# Exercise description
Restate, exactly as written, the entries below from the line that holds "Kobieta czyta w" through the line that holds "Minimalist gold-plated teddy". Pictures are not part of the copy.

# Given records
────────

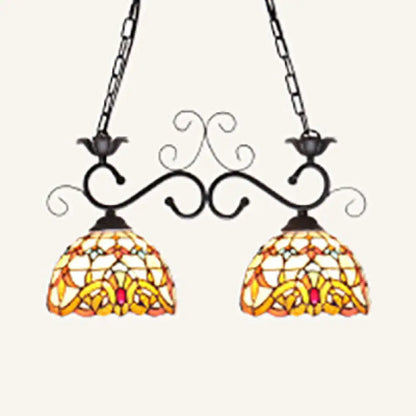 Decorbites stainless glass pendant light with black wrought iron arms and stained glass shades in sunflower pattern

────────

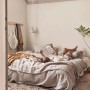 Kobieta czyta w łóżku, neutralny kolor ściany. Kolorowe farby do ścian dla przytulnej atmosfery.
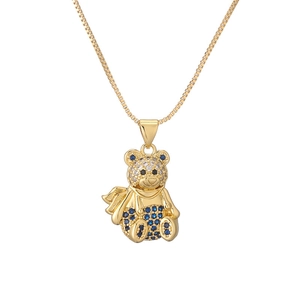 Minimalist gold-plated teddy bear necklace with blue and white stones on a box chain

────────

# Response to the task
 Kobieta czyta w łóżku, neutralny kolor ściany. Kolorowe farby do ścian dla przytulnej atmosfery.
 Minimalist gold-plated teddy bear necklace with blue and white stones on a box chain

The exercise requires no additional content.